Complete Function Reference
Siege Utilities contains 521 auto-discovered functions.
siege_utilities.core.logging
- siege_utilities.get_logger(name=None)[source]
Return a logger instance.
- Parameters:
name (str, optional) – Logger name. If None, returns/creates the default logger.
- Returns:
Logger instance.
- Return type:
logging.Logger
Examples
>>> logger = get_logger() # Gets default logger >>> db_logger = get_logger("database") # Gets database logger >>> api_logger = get_logger("api") # Gets API logger
- siege_utilities.init_logger(name='siege_utilities', log_to_file=False, log_dir='logs', level='INFO', max_bytes=5000000, backup_count=5, shared_log_file=None)[source]
Initialize and configure a named logger.
- Parameters:
name (str) – Logger name. Each component can have its own logger.
log_to_file (bool) – If True, creates individual log file (unless shared_log_file specified).
log_dir (str) – Directory for individual log files.
level (str|int) – Logging level for this logger.
max_bytes (int) – Max size for rotating file handler.
backup_count (int) – How many backup logs to keep.
shared_log_file (str) – If provided, this logger writes to shared file instead of individual file.
- Returns:
Configured logger instance.
- Return type:
logging.Logger
Examples
>>> # Individual loggers with separate files >>> db_logger = init_logger("database", log_to_file=True, level="DEBUG") >>> api_logger = init_logger("api", log_to_file=True, level="INFO")
>>> # Multiple loggers sharing one file (great for Spark!) >>> worker1 = init_logger("worker_1", shared_log_file="spark_workers.log") >>> worker2 = init_logger("worker_2", shared_log_file="spark_workers.log")
>>> # Use global shared configuration >>> configure_shared_logging("/shared/logs/app.log") >>> logger1 = init_logger("component_1") # Automatically uses shared file >>> logger2 = init_logger("component_2") # Automatically uses shared file
- siege_utilities.log_critical(message, logger_name=None)[source]
Log a critical message.
- Parameters:
message – Message to log
logger_name (str, optional) – Specific logger to use. Uses default if None.
Examples
>>> log_critical("Critical system error") >>> log_critical("Spark cluster failure", logger_name="spark_master")
- siege_utilities.log_debug(message, logger_name=None)[source]
Log a debug message.
- Parameters:
message – Message to log
logger_name (str, optional) – Specific logger to use. Uses default if None.
Examples
>>> log_debug("Debug information") >>> log_debug("Database query details", logger_name="database")

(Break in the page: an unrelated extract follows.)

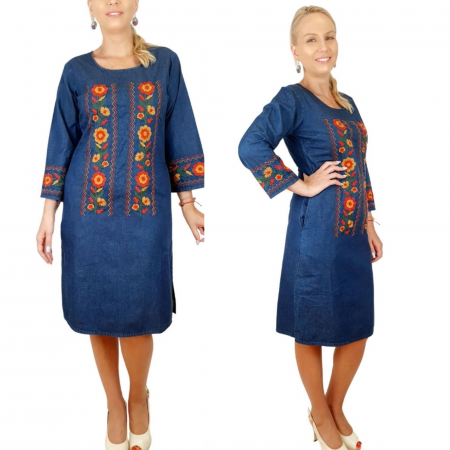 Rochie Traditionala din denim Sanda 36 [9]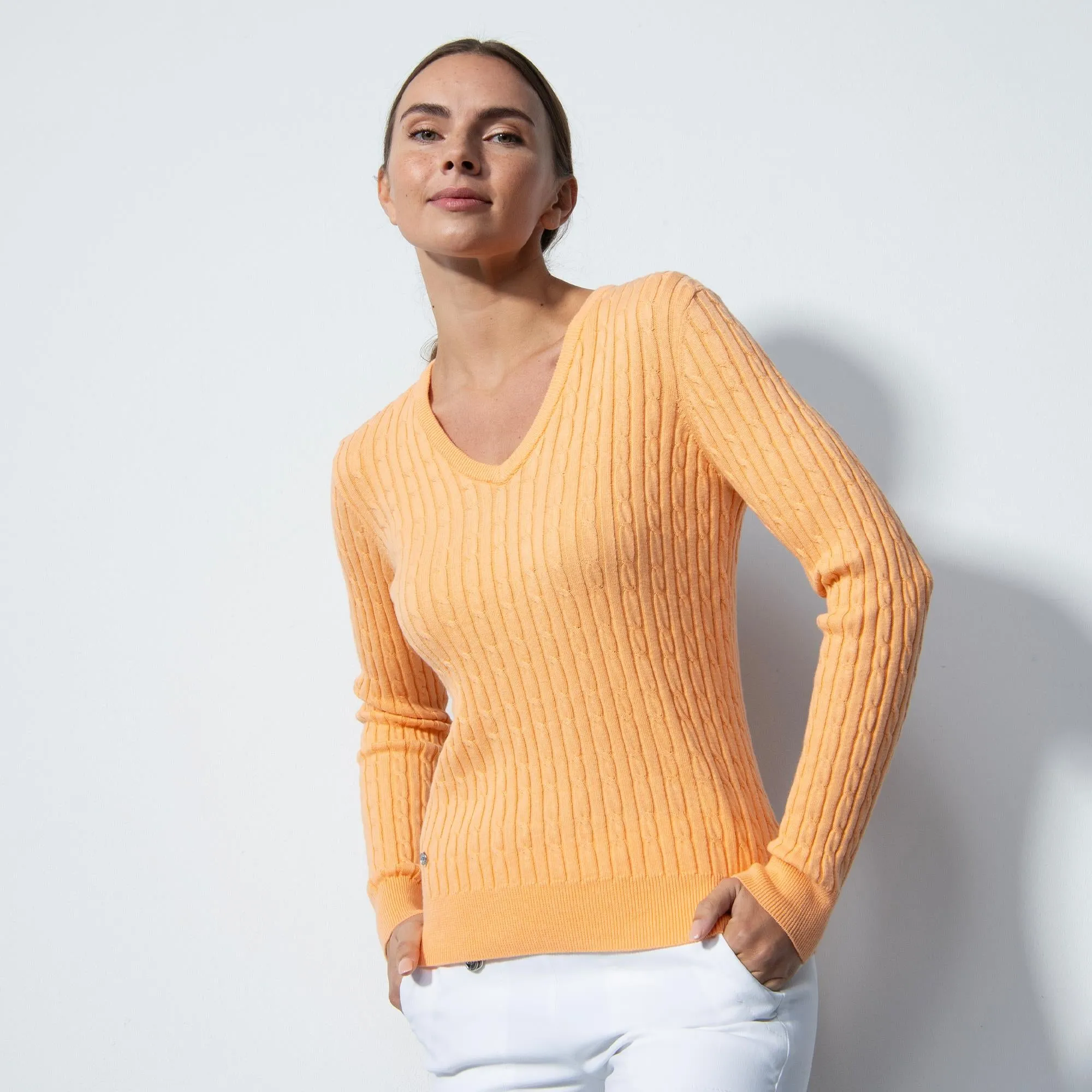 Daily Sports Madelene Ladies Knitted Sweater Kumquat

- siege_utilities.log_error(message, logger_name=None)[source]
Log an error message.
- Parameters:
message – Message to log
logger_name (str, optional) – Specific logger to use. Uses default if None.
Examples
>>> log_error("An error occurred") >>> log_error("Database connection failed", logger_name="database")
- siege_utilities.log_info(message: str, logger_name=None) None [source]
Log an info message.
- Parameters:
message (str) – Message to log
logger_name (str, optional) – Specific logger to use. Uses default if None.
Examples
>>> log_info("Application started") >>> log_info("Worker processing task", logger_name="worker_1")
- siege_utilities.log_warning(message, logger_name=None)[source]
Log a warning message.
- Parameters:
message – Message to log
logger_name (str, optional) – Specific logger to use. Uses default if None.
Examples
>>> log_warning("This is a warning") >>> log_warning("Cache miss detected", logger_name="cache")
siege_utilities.core.string_utils
siege_utilities.distributed.hdfs_config
- siege_utilities.create_cluster_config(data_path: str, **kwargs) HDFSConfig [source]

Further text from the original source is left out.